[Data block]:

= = =

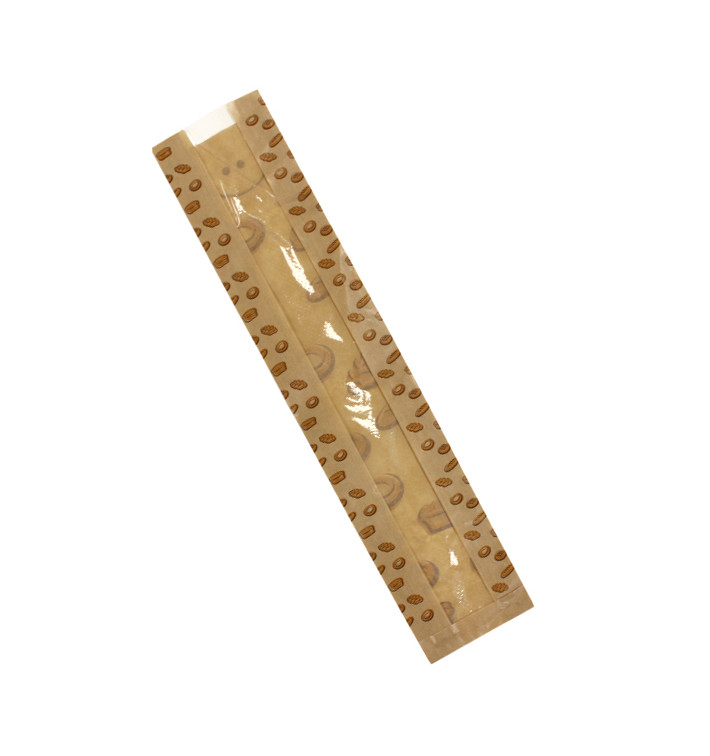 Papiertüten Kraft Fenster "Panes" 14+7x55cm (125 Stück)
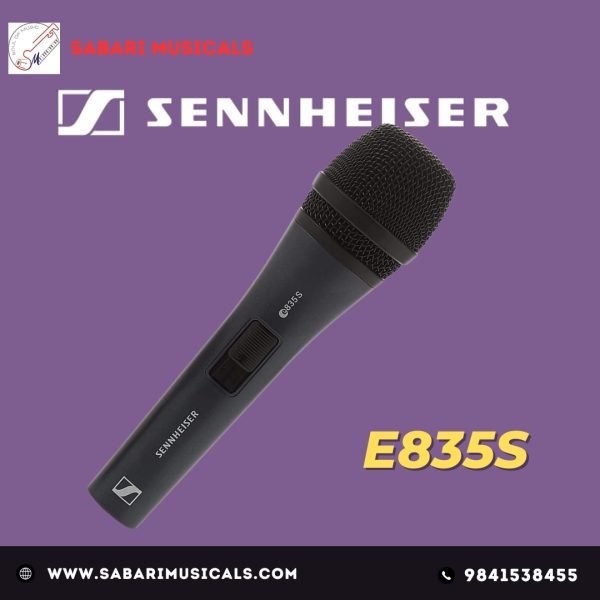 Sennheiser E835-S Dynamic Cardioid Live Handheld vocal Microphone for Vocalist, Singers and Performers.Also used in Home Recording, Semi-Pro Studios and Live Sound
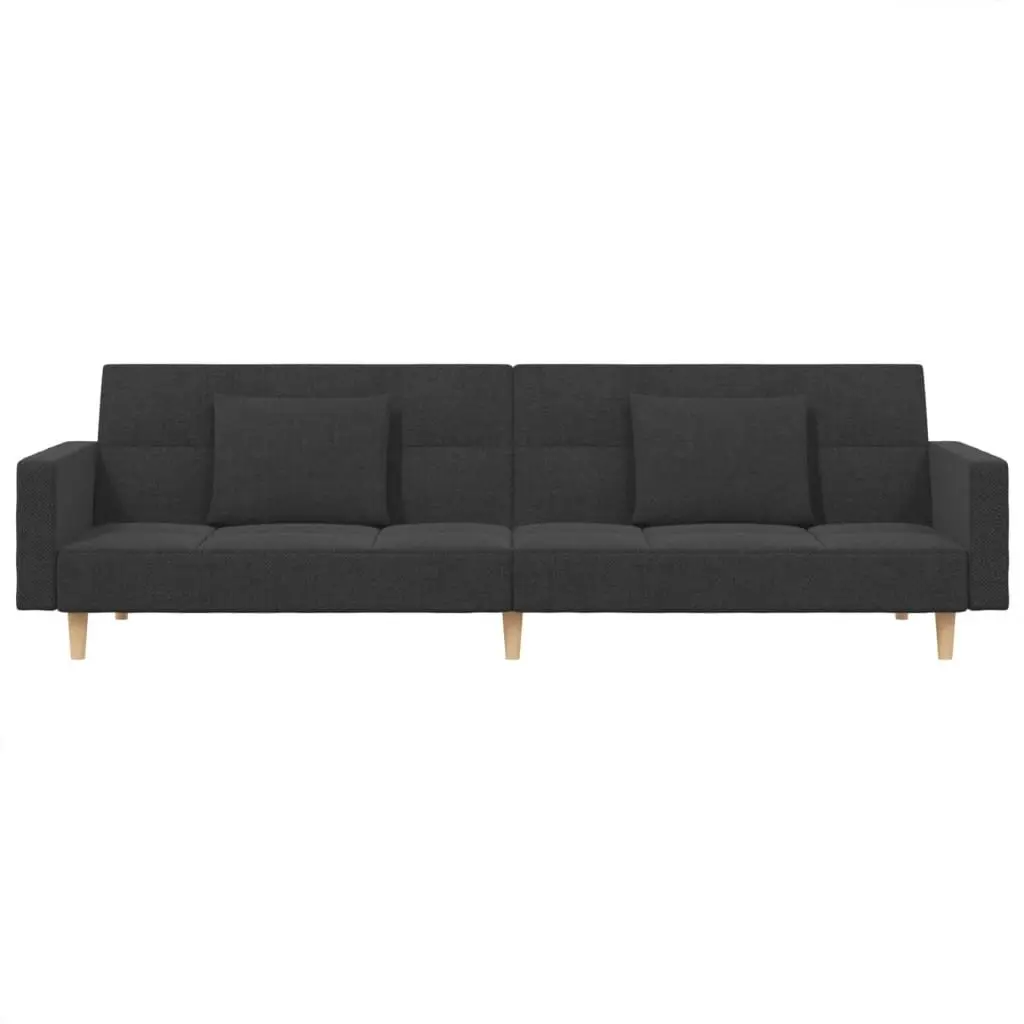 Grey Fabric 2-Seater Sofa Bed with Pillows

= = =

[Work to be completed]: Give the lines from the one containing "Sennheiser E835-S Dynamic" through the last line of the material again, exactly and with no pictures, both ends included.

[Your solution]:
 Sennheiser E835-S Dynamic Cardioid Live Handheld vocal Microphone for Vocalist, Singers and Performers.Also used in Home Recording, Semi-Pro Studios and Live Sound
 Grey Fabric 2-Seater Sofa Bed with Pillows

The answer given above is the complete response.